Die Dinge der Woche (15. Februar 2015)
 
Punkten mit Putin
 

   Grosses Lob an unsere Mutti. Nach allgemeiner Einschätzung hat unsere Bundeskanzlerin vergangene Woche die Welt gerettet, indem sie um die Welt gejettet ist. Rund 20 000 Kilometer soll Angela Merkel nach ersten Hochrechnungen in sieben Tagen zurückgelegt haben, um den Ukraine-Konflikt zu entschärfen. Danach flog sie zurück nach Europa und zog den aufmüpfigen Griechen den Zahn.

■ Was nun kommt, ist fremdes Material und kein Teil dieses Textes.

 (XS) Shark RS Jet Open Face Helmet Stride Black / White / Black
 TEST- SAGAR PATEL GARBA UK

   In die allgemeine Begeisterung über Dr. Merkels Arbeitseinsatz mischen sich allerdings auch besorgt-kritische Stimmen: Wie oft kann Angela Merkel noch solche Kraftakte meistern, ohne an Geist und Körper Schaden zu nehmen? Klar, 60 ist kein Alter bei heutigem Renteneintrittsalter von 76 und mehr, aber 17 Stunden lang mit Russlands Präsident und Separatistenversteher Putin verhandeln, das hält doch kein Mensch aus, ohne eine Flasche Wodka Gorbatschow zu trinken.



   Aus Regierungskreisen wird versichert, Merkel trinke, wenn überhaupt, nur guten Rotwein. Alkohol vertrage sie zudem sehr gut, sogar gegen Schnapsideen sei sie weitgehend immun.

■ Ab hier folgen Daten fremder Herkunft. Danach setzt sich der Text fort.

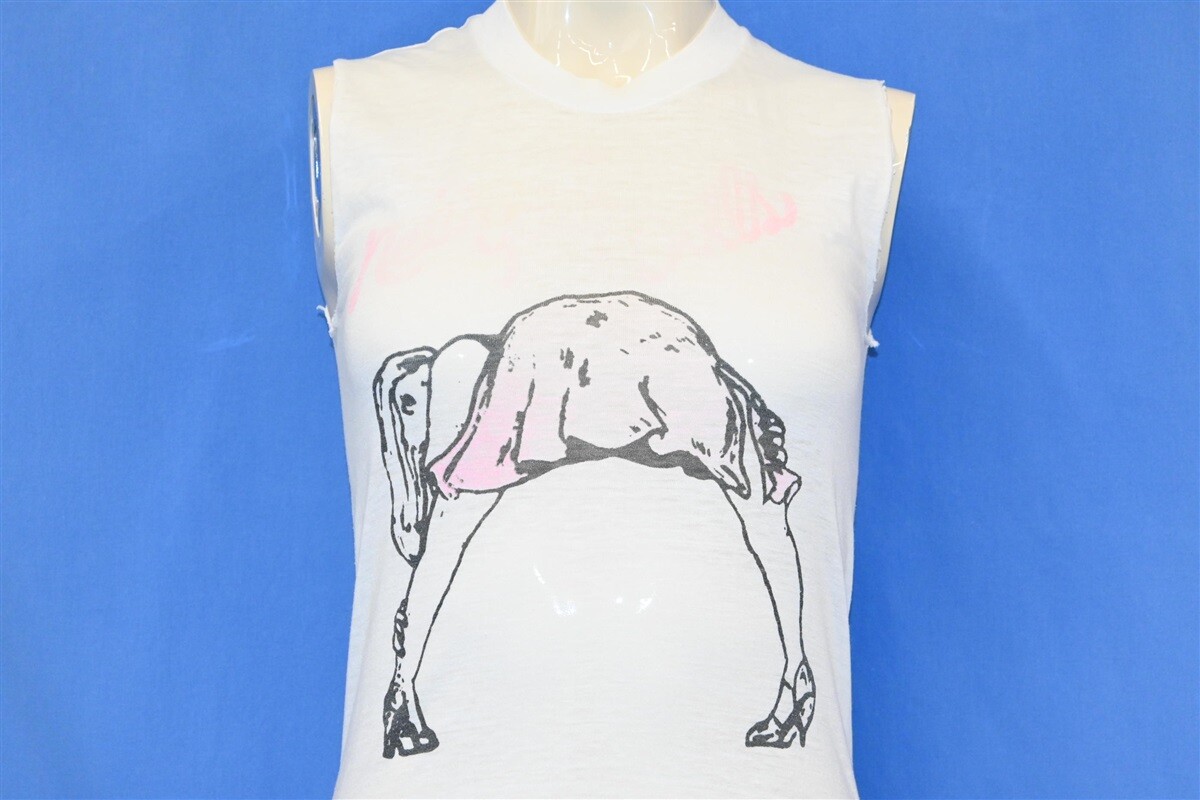 vintage 80s NEW YORK DOLLS PUNK BAND SLEEVELESS CUT OFF FADEDt-shirt WOMEN’S XS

   Allerdings kann auch Schlafmangel einen betrunken machen. Längerfristig können sogar Depressionen die Folge sein. Merkels Hinweis, sie könne Schlaf tanken wie ein Kamel Wasser, beruhigt die Kritiker nicht wirklich. Sie fragen sich, wann Merkel eigentlich den Schlaf tankt, den sie für ihre Auslandseinsätze braucht. Bei Bundestagssitzungen oder im Kabinett? Merkels Arbeitsweise scheint jedenfalls zu sein, aussenpolitisch macht sie die Nächte durch, innenpolitisch schläft sie sich aus.

   Die Bundeskanzlerin kann sich das aber auch leisten, denn in der Innenpolitik ist nicht mehr viel los. Wenn Arbeit auch mit Geräuschen verbunden ist, dann hat die grosse Koalition ihre Arbeit weitgehend eingestellt. Nicht einmal von Horst Seehofer hört man noch etwas, aber vielleicht spart sich der bayrische Ministerpräsident seine nächsten Querschüsse für den Politischen Aschermittwoch auf.

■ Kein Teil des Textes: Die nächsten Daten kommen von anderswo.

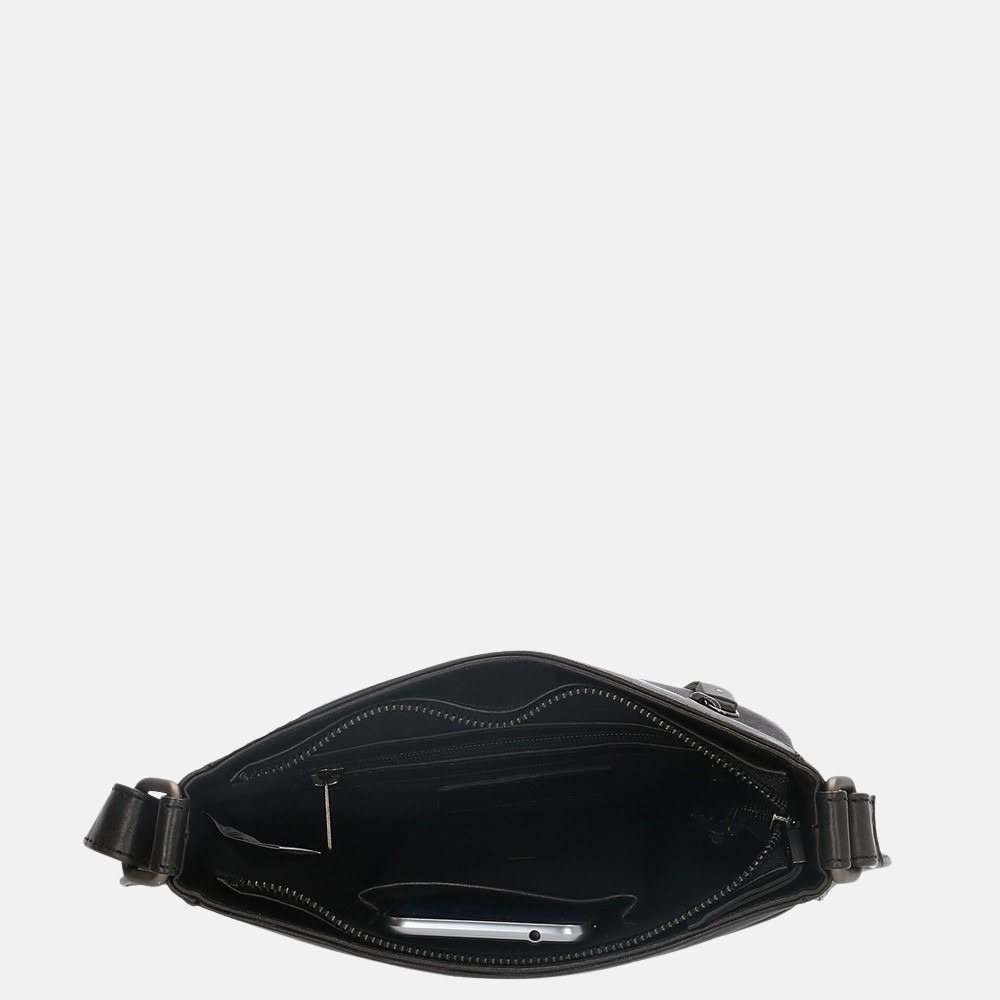 Micmacbags Porto schoudertas black bij Duifhuizen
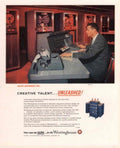 Westinghouse Computer Console 1950s Vintage Retro Advert Poster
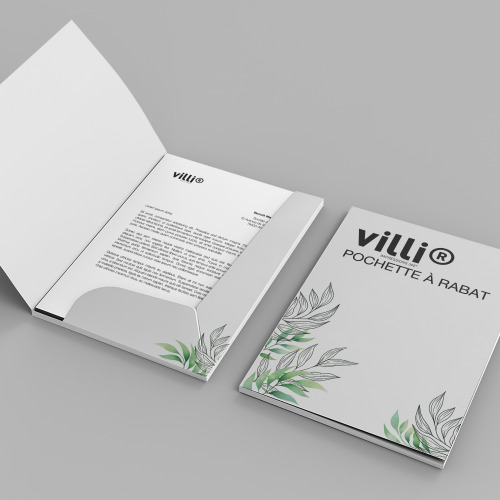 Pochette à rabat A4 chemise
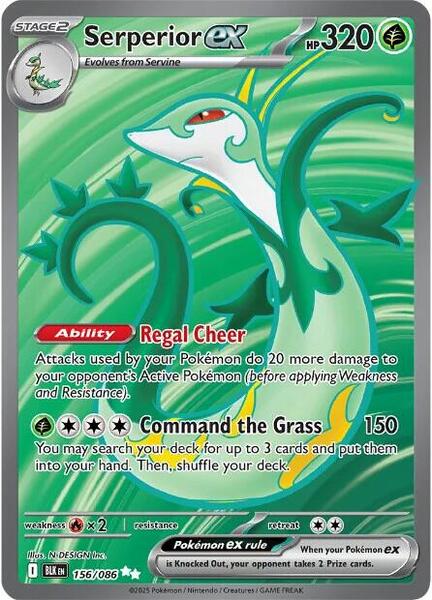 Serperior ex - 156/086 - SV Black Bolt - Holofoil - Near Mint (NM)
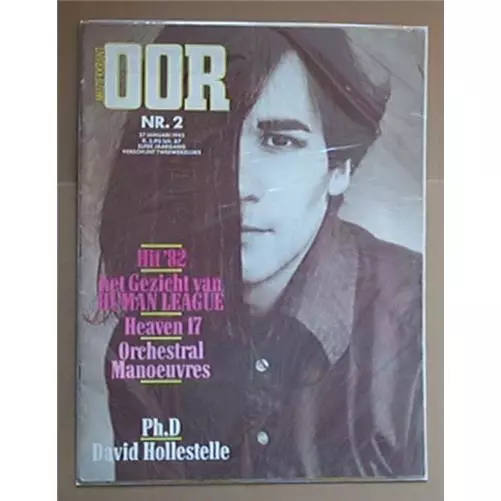 Human League Muziekkrant Oor Magazine 27 January 1982 - Phil Oakey Colour Cover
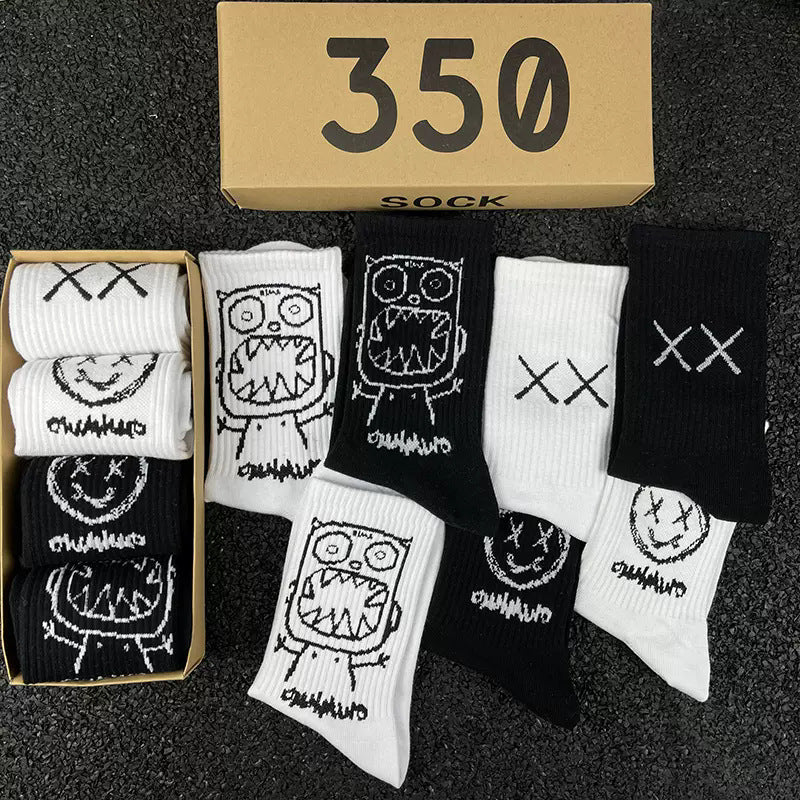 Men socks fall and winterdeodorizing filter sweat-absorbent and breathable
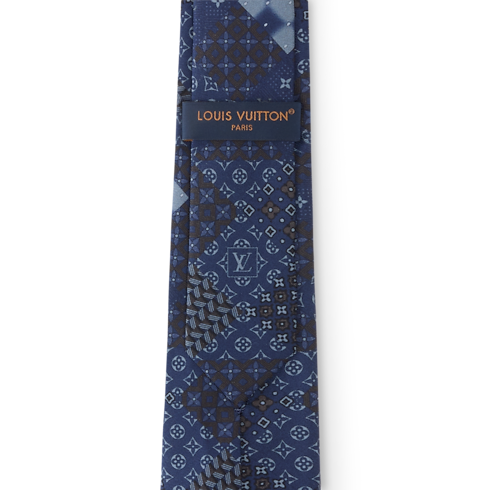 S00 Accessoires Cravates Cravate LV Patchwork | Louis Vuitton ® (Zoom produit)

   Merkel hat zudem klar erkannt, dass in der Aussenpolitik es sich viel leichter punkten lässt. In Minsk haben sich die Konfliktparteien auf eine Erklärung mit 13 Punkten geeinigt. Selbst wenn es etwas lange gedauert hat, ist das immer noch fast ein Punkt pro Stunde. In der Innenpolitik hingegen braucht die Kanzlerin in der Regel mindestens zwei Wochen, um sich mit der sperrigen Schwesterpartei CSU auch nur auf einen Punkt zu verständigen.



   Die Opposition hat es da einfacher. Oskar Lafontaine zum Beispiel zauberte als Chef der Linken im Jahr 2008 mal ein 100-Punkte-Programm aus dem Hut. Welche Regierung schafft denn sowas?

   Eine hohe Punktezahl garantiert allerdings noch lange keinen Erfolg. Hitler ging mit einem 25-Punkte-Plan ins Rennen, Pegida startete immerhin mit 19 Programmpunkten. Inzwischen sind die Forderungen der Islam-Kritiker - wie die ganze Bewegung - auf nur noch sechs Punkte zusammengeschrumpft. Ein schlauer Mensch hat mal gesagt, es kommt nicht auf die Anzahl der Punkte an, sondern auf deren Qualität. So ist es, Punkt.